Sunday, October 28, 2007

The cracked clay pot

On Tuesday night, my mom called and asked if my sister and I would like to come to their house for dinner. My sister and I live together in a little rent house, not too far from my parents. We try not to over-indulge in the blessings of “mom’s cooking” (or free meals, for that matter), but when the invitation is straight from mom herself, who can refuse? Especially when pot roast, baked potatoes, and cream corn are involved. So, we went over there just as the food was almost ready. We all chatted in the kitchen, my sister and I helping to set the table. When the food was ready, we gathered around the island to fix our plates, particularly the baked potato.
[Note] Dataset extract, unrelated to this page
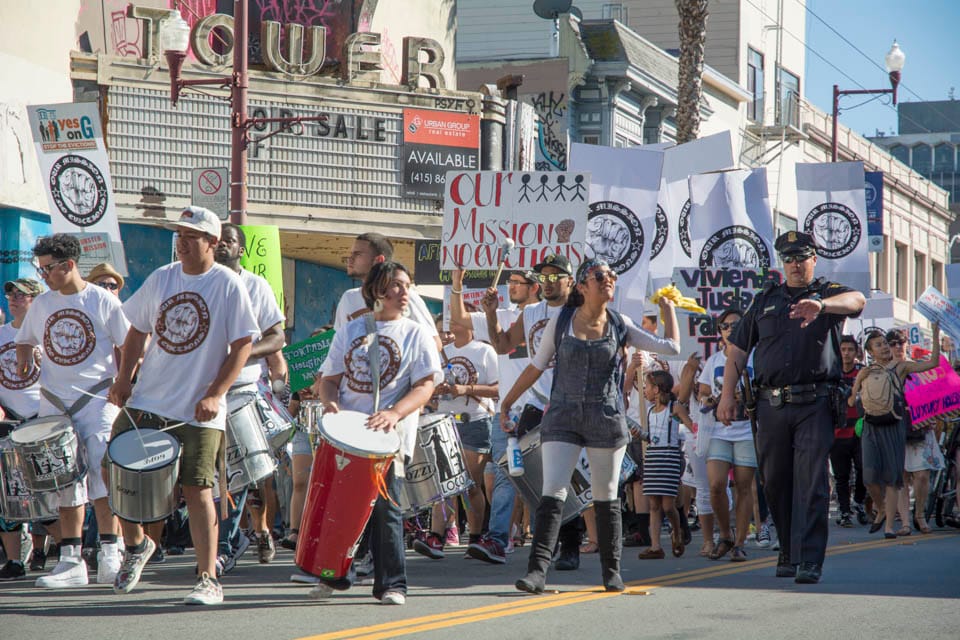Demonstrators, in support of Prop. G, march to 16th and Mission Streets, Saturday, Oct. 4, 2014 ( Photo by Niko Plagakis)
Then one by one, we made our way to the table to sit. Most of the conversation revolved around our days. My sister’s stories from work, my stories from class or papers I’d graded. Bits of news and gossip we had heard throughout the day. As we finished eating, we took our plates to the sink, one by one, each returning to the table. The conversation continuing. Eventually, my mom started to put the food up, and my dad began to wash the dishes. My sister and I started cleaning the table and counters. Within minutes the kitchen was clean again, and my sister and I went home.

Seems like a relatively normal dinner setting. And for our family, it is perfectly normal and routine. However, (and mostly for the sake of this assignment), I started to think and reflect on the situation in a different way. I never noticed how we share responsibilities so much. There’s no “formality.” Even in terms of “seating,” we don’t have assigned seats. I have sat in every seat at our dining room table. I think most families can’t say that. No one has a particular seat they always sit in. We all just sort of sit down wherever and by whomever. Also, usually my mom does the cooking, but we all help in some way. In terms of cleaning, sometimes I do the dishes, sometimes my dad does them. My sister and my mom usually put the food away. But what’s most peculiar about it all is that there’s no “delegating” or “commanding.” We just did it all, in the most natural sort of way.

I know that my family is extremely close. We are unified together, and probably stronger than most families because of it. Usually when someone says their family is “close,” it implies an unhealthy, over-involvement on the parents’ part (usually the mom’s). But that’s not the implication for our family. My parents have always given us the room to fail. I think that’s the best way to say it. The problem with “close” families, usually, is that the parents’ won’t let their children fail—or make decisions for that matter. My parents taught us important life-principles…and then stepped back. My siblings and I have always been open in our communication with them, but not from their being pushy about it. I think it’s because we have the freedom to be honest with them about anything we’ve done (good or bad) and we’re able to make our own decisions, that their opinions and respect become more important. I know that I’ve been truly blessed to have a good family. Most people can’t say that. Certainly we’re not perfect. We each have our own values and annoyances. But I feel like we’ve aged well together. If I were to describe our family as a clay pot, we’re not perfectly formed and painted. We would more likely have cracks and holes. In some places, the paint would be faded or stripped altogether. But we’re beautiful in our own way because of the things we’ve been through and overcome. I believe we reflect the reality of life, which is hardly ever picture perfect.

3 comments:

megan lea said...

I always sit in the seat across from the window.... that way if the conversation dwindels I can look outside at the family dog- begging for food.... hahaha. I love that you all share seats. I was so sad that after I moved away to college, my seat was not preserved as a place of honor-awaiting my return. It was just absorbed into the table. :(

Anonymous said...

Your family sounds like a great source of support for you. I wanted to write my "reflection" this week on my family, but my mom has the URL address to my blog, and I didn't want any of my sarcasm to offend (not that she hasn't heard it for the past 26 years). I like to sit back and "analyze" my family as well. The only person in my family who has his own seat at the dinner table or in the house is my father...I suppose it is his way of trying to hang on to a bit of authority. I find what you have to say about your family interesting and thought provoking...it made me think of my own family in terms of the clay pot analogy.

Elizabeth Bowen said...

What a beautiful tribute to your parents! This blog post says volumes about the wonderful, strong person you are.